The first thing we want to do is make a scatterplot of the two variables to see what we’re working with. I chose number of boats as the predictor and manatees killed as the response. Sometimes an argument can be made either way, but I doubt manatee deaths cause a rise in boat owners. Let’s see what the plot looks like:

plot(boats,killed,ylab="Manatees Killed by Boats", xlab="Number of Boats")

There is a positive association between the two variables. The points are not very closely or very loosely packed, they are fairly evenly spread apart.

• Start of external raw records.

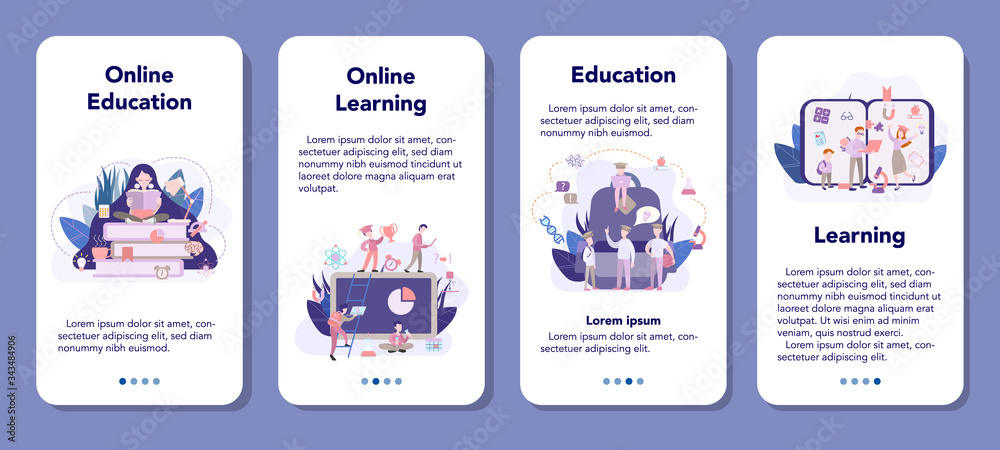 Learning system mobile application banner set, idea of study remotely.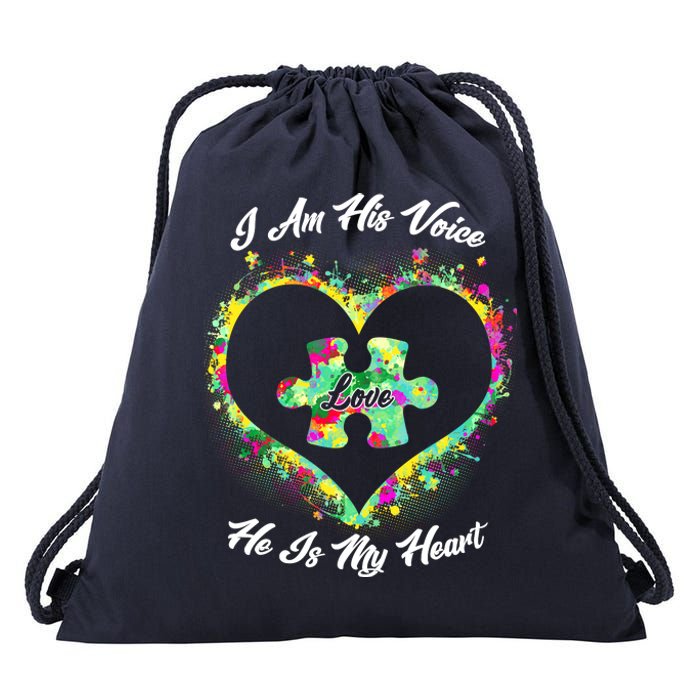 I Am His Voice He Is My Heart- Autism Awareness Drawstring Bag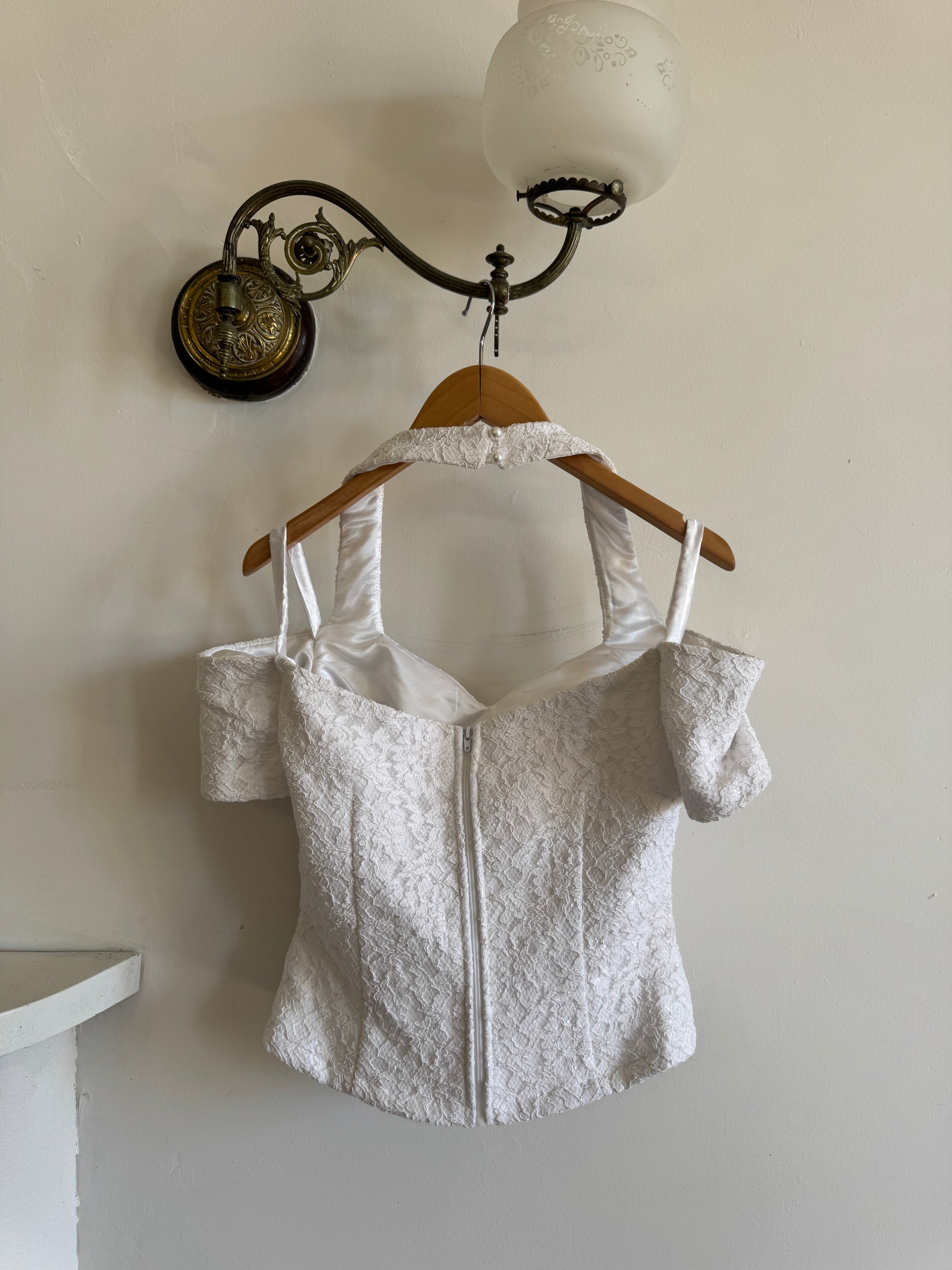 Vintage 80s Lace Bridal Halter Bustier Top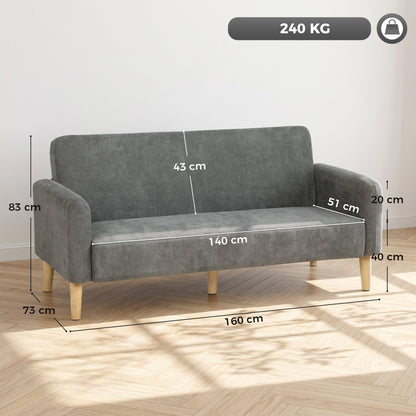 2 Seater Sofa, Velvet Small Couch with Plush Backrest, Grey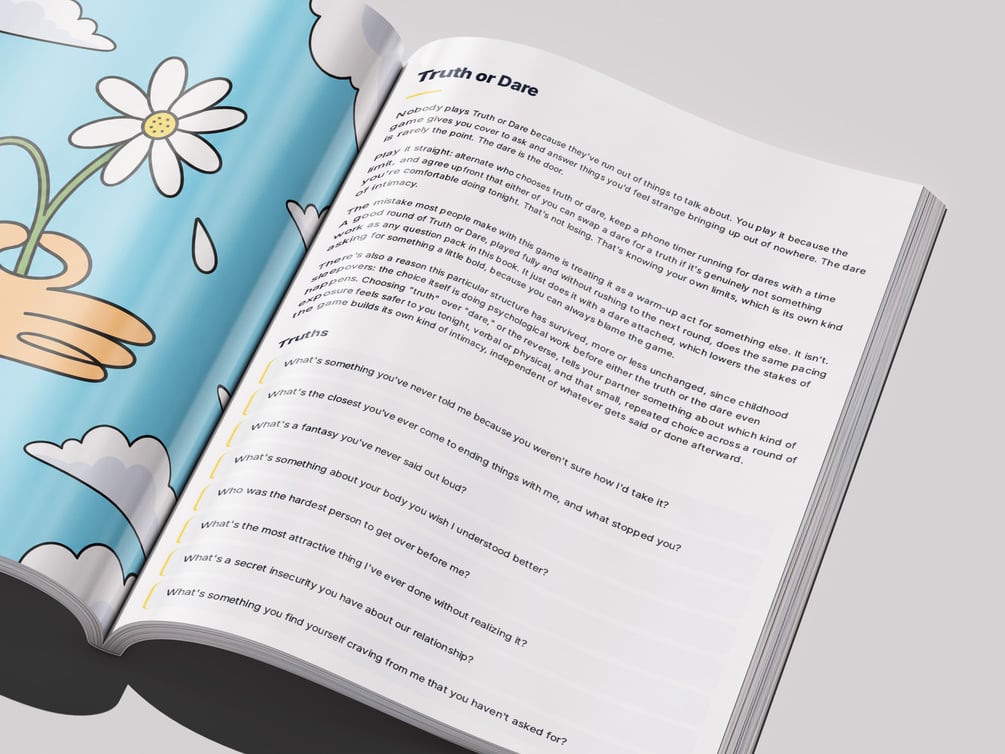 The Truth or Dare section open beside a colorful flower illustration
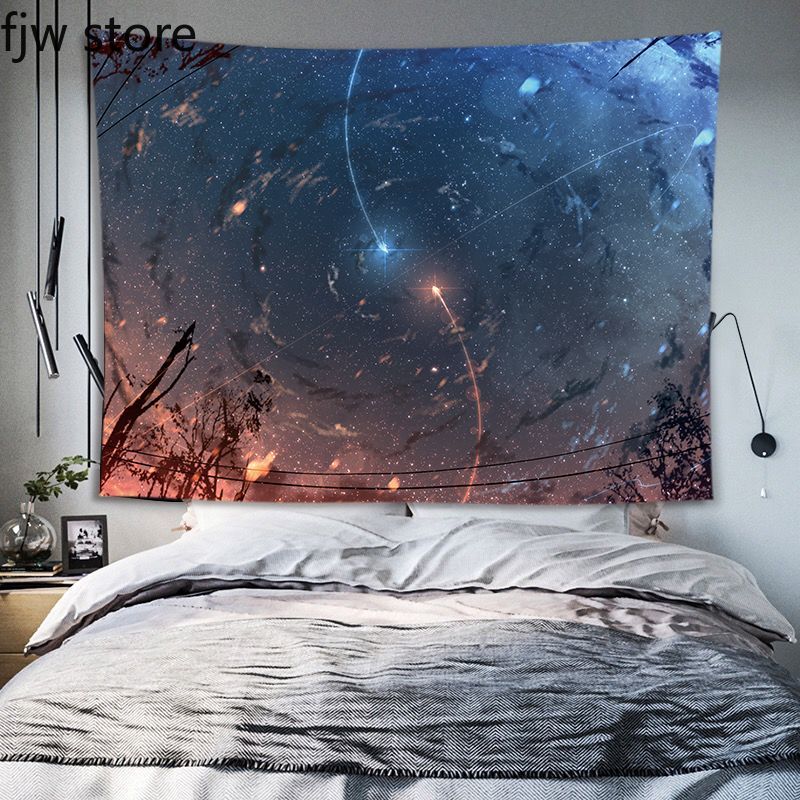 Starry Sky Moon Landscape Tapestry Room Aesthetic  Wall Hanging Art Background Cloth Bedroom Dormitory Home Decoration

It is easy to visualize where the regression line will fall on the plot.

Let’s create the regression model to actually fit this line in the plot.

mod <- lm(killed~boats)
mod
## 
## Call:
## lm(formula = killed ~ boats)
## 
## Coefficients:
## (Intercept)        boats  
##    -35.1276       0.1126

Now we have the intercept and slope of our line and can graph it over the scatterplot.

plot(boats,killed,ylab="Manatees Killed by Boats", xlab="Number of Boats")
abline(-35.1276, 0.1126)

Interpreting the Linear Regression

Once we have the linear regression it’s important to interpret the slope and intercept, if possible.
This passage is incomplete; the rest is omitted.